Directions -
Could you restate word for word every line from the one containing "L'Oreal Paris Rouge" to the end of the records, and nothing else?
--- Working data Enclosed Below ---
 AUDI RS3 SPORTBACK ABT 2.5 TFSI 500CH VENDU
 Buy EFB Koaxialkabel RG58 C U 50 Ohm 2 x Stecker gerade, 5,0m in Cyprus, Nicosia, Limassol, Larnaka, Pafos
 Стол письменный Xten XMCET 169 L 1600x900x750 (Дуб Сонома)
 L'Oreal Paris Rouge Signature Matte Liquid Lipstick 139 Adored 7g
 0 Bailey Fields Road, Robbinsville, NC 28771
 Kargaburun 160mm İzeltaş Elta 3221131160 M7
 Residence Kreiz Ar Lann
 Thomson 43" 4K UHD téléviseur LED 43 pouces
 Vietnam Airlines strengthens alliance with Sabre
--- End of Enclosed Working data ---
Task result -
 L'Oreal Paris Rouge Signature Matte Liquid Lipstick 139 Adored 7g
 0 Bailey Fields Road, Robbinsville, NC 28771
 Kargaburun 160mm İzeltaş Elta 3221131160 M7
 Residence Kreiz Ar Lann
 Thomson 43" 4K UHD téléviseur LED 43 pouces
 Vietnam Airlines strengthens alliance with Sabre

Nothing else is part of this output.